Marine Le Pen, for her part, has made deliberately polemical statements about her opponent. In her interviews with the press (in the magazine Causeur and in the columns of the daily Le Figaro), she pointed to what she calls “chapels” of people who, according to her, have left the Rassemblement National to join the ranks of Reconquête, a fortunate attrition, showing the unsavory side of Éric Zemmour’s political project: “traditionalist Catholics, pagans, and Nazis.”
The combination of these three “groups” in the same sentence aroused deserved anger among some Catholics, who sharply criticized the candidate of the Rassemblement National. The statement was undoubtedly clumsy; however, it only concerns a minority of the electorate that has already largely sided with Éric Zemmour. In order to soften the faux pas, Marine Le Pen multiplied allusions to the Catholic world in her speech in Reims—a city strong in Catholic history and culture, since it hosted the baptism of the Frankish King Clovis and the coronations of the kings of France. Referring to the famous poem of Louis Aragon composed during the German occupation, she made a discreet allusion to her faith by stating on the podium: “There are those who believe in heaven and those who do not. I believe in it.”
Marine Le Pen’s strategy is to prepare for the second round—even if it means losing some of her traditional voters along the way. To that purpose, Marine Le Pen’s lieutenants have been playing their cards for several days in their various media outlets, reinforcing the message that the real enemy remains the current president Emmanuel Macron and not Éric Zemmour. On several occasions, Rassemblement National executives have asked Reconquête activists on television programs whether they were ready to vote for Marine Le Pen if she were to face Emmanuel Macron in the second round—which remains the most likely scenario according to the vast majority of polls at the moment. Her strategy has produced the desired results. Such questions resulted in embarrassed silences, or negative answers, which they intend to exploit to show that Éric Zemmour’s objective is not to get rid of Emmanuel Macron, but simply to destabilize the right in order to prepare for “the aftermath.”
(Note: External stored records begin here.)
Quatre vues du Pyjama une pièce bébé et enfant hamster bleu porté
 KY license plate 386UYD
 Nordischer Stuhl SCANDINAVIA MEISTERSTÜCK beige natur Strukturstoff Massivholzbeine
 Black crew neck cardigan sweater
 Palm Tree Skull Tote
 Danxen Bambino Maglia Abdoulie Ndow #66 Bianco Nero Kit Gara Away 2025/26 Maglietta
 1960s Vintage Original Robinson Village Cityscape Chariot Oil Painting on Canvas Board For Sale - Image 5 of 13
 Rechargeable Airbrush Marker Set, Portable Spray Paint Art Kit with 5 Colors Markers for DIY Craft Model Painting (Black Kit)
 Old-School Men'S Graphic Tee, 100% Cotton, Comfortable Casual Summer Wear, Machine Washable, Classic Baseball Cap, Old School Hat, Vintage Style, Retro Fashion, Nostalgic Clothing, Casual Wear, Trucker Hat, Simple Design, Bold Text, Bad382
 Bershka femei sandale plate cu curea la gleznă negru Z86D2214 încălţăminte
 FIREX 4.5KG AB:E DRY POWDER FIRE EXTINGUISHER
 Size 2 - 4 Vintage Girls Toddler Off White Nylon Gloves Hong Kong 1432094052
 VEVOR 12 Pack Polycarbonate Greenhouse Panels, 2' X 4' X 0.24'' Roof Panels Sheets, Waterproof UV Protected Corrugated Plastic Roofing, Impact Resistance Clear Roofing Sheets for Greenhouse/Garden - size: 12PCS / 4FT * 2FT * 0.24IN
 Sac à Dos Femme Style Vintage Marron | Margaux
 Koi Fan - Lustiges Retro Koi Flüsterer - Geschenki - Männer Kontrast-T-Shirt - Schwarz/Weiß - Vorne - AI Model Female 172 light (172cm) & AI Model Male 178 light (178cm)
At the end of this weekend, the battle of numbers and images seems to be in favor of Zemmour. He gathered 8,000 activists in Lille, a stronghold dominated by the former socialist minister Martine Aubry. Youth is clearly one of the components of his success. Several commentators have noted a visible sociological divide between the two candidates which is taking hold. Marine Le Pen speaks to working-class France, while Zemmour’s electorate comes from the bourgeoisie: two pieces of the same puzzle which, for the moment, do not manage to fit together neither in the one nor in the other. The Reconquête movement continues to benefit from a dynamic of growing membership—the 100,000-member mark is about to be crossed. But the press notes that the wave of rallies has not made full impact in terms of voting intentions, even if it is progressing in the latest polls.
Violent clashes with antifa members broke out on the sidelines of his meeting, reinforcing his position as a candidate who wants to put an end to anarchy and the intellectual dictatorship of the left. But Marine Le Pen was not spared the violence of left-wing activists either: a bus of her activists leaving Marseille was stoned, and the driver injured, preventing them from reaching the planned rally in Reims in northern France.
The French conservative electorate remains fractured. The agenda to oust Macron is not enough, because it is also necessary to know the personalities of the two candidates and trust their ability to embody, and implement, what they do not write in full in their campaign documents. Firmness on immigration is obviously a criterion for decision, but family policy in all its dimensions should not be underestimated. The question that arises is also strategic: is the elimination of Emmanuel Macron possible and a priority, and if so, what path should be taken to achieve it?